**YOUR OBJECTIVE:** Your job is to give again, exactly and with no additions, the lines in the records below from the one with "Maxi blazer coat in black – BEYOND STUDIOS" through the one with "Hotel s bazénem", both included. Omit the pictures.

**INPUT MATERIAL:**
--- START ---
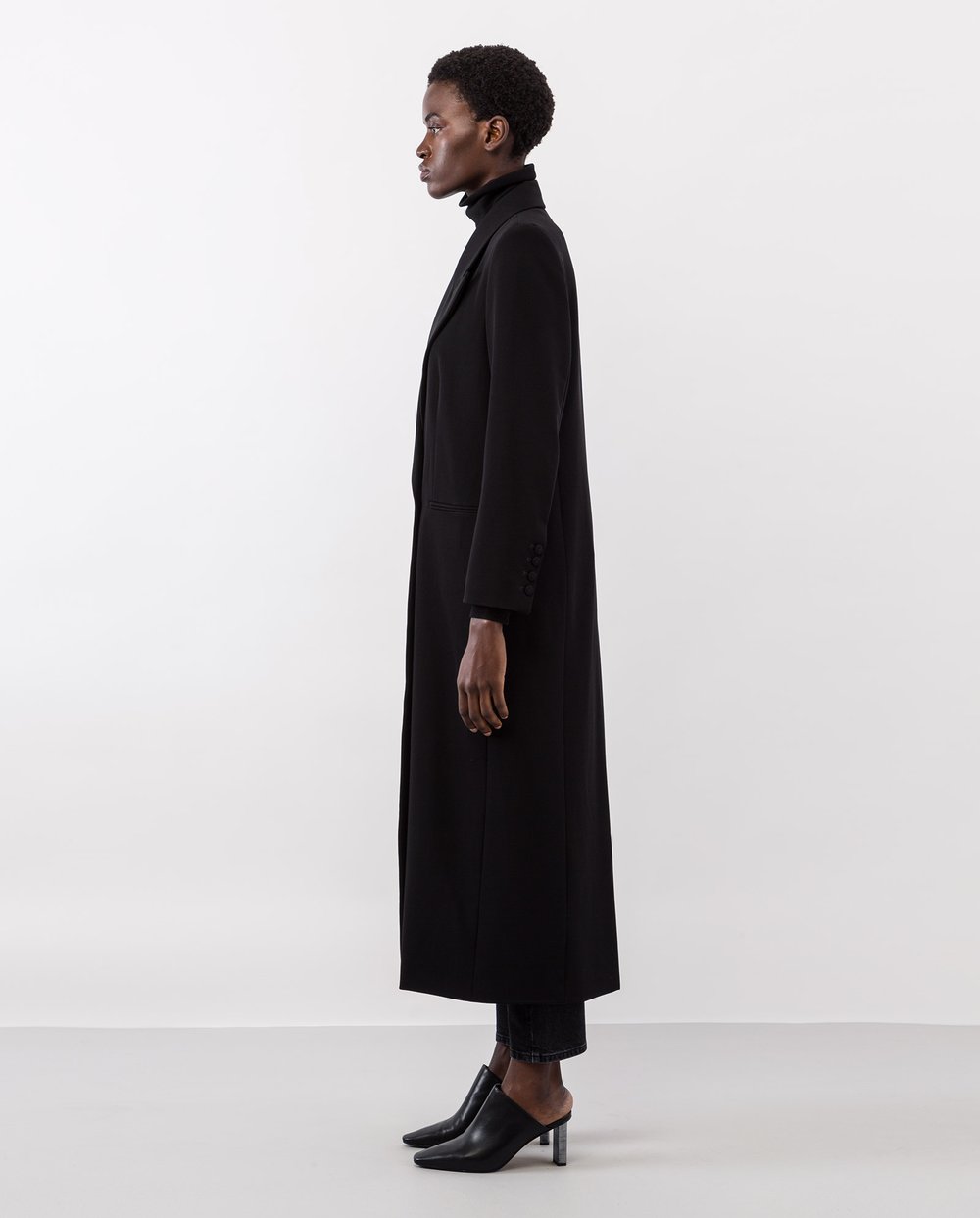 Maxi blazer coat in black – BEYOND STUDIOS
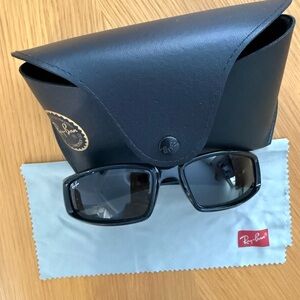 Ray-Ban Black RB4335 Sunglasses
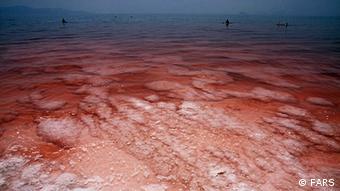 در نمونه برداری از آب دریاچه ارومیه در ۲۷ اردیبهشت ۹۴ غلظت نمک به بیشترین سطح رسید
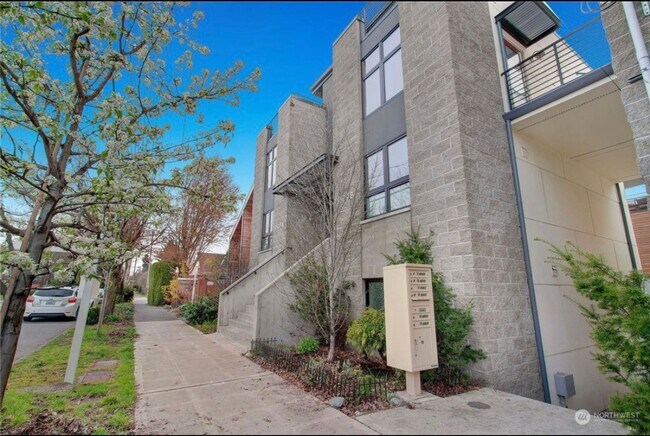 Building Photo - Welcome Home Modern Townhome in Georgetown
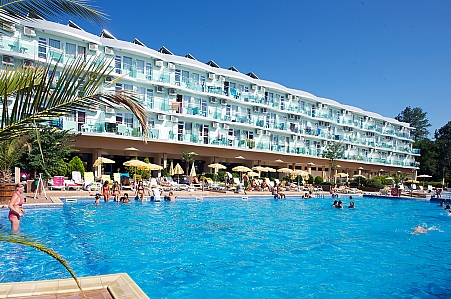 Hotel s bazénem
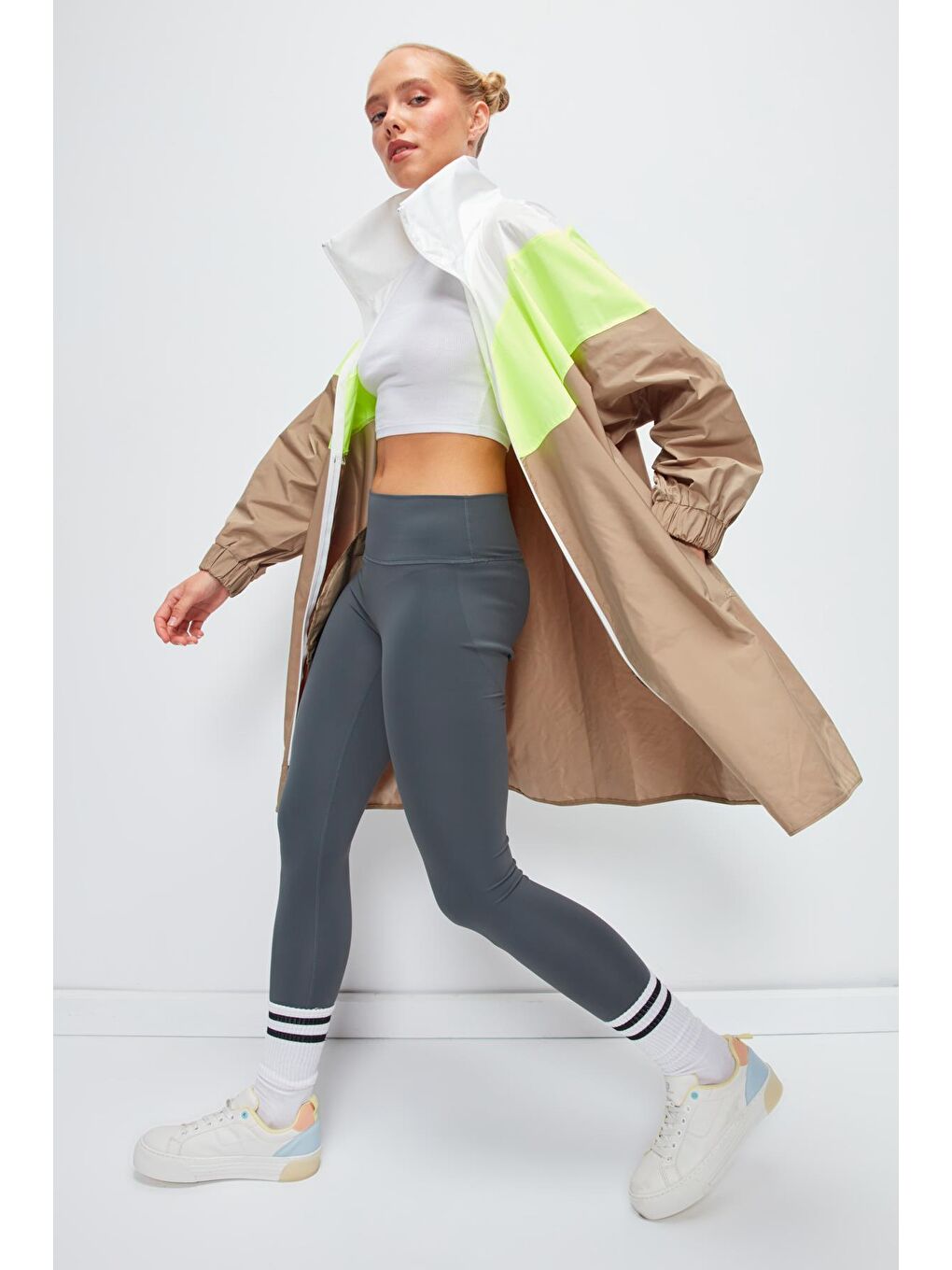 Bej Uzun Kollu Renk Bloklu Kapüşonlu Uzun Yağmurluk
--- END ---
--- START ---
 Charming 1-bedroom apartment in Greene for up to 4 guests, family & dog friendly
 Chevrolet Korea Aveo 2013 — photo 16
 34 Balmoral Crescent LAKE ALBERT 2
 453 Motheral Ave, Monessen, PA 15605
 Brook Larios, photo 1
--- END ---
--- START ---
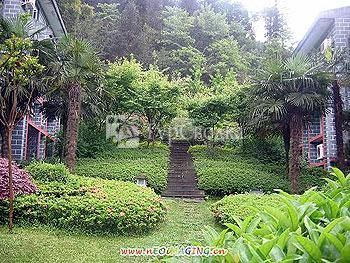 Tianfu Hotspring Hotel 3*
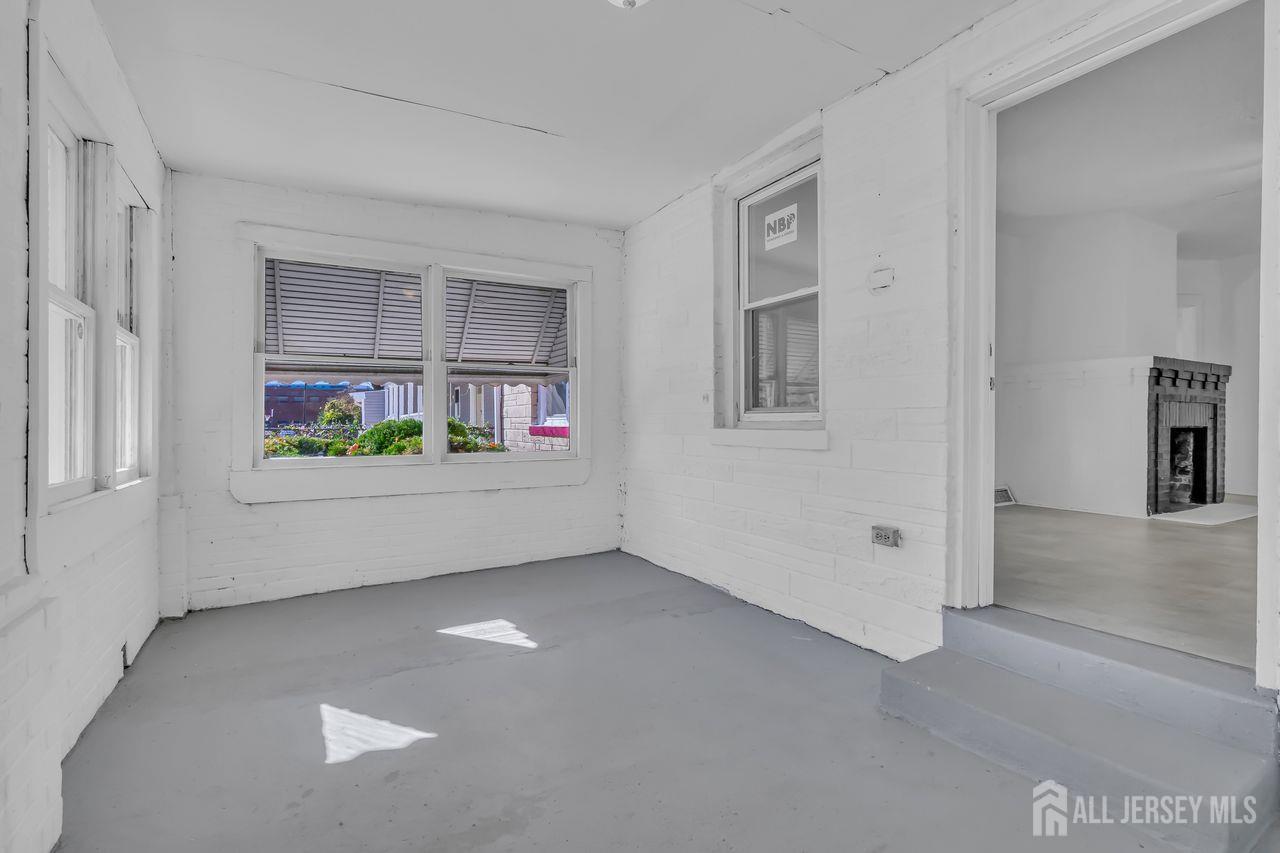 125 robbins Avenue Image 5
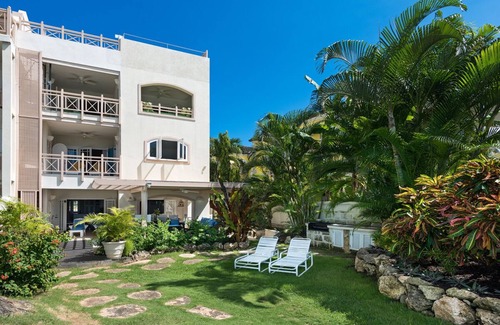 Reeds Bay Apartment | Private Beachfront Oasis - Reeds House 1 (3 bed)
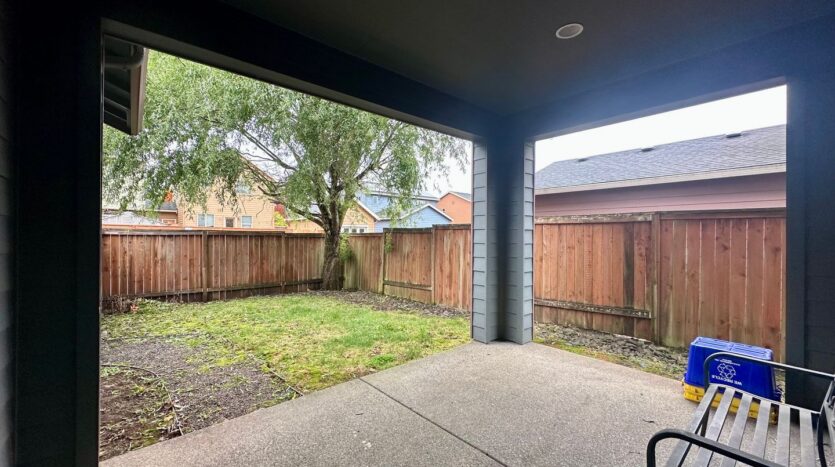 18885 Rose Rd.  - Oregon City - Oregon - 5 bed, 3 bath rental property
--- END ---
**EXPECTED ANSWER:**
 Maxi blazer coat in black – BEYOND STUDIOS
 Ray-Ban Black RB4335 Sunglasses
 در نمونه برداری از آب دریاچه ارومیه در ۲۷ اردیبهشت ۹۴ غلظت نمک به بیشترین سطح رسید
 Building Photo - Welcome Home Modern Townhome in Georgetown
 Hotel s bazénem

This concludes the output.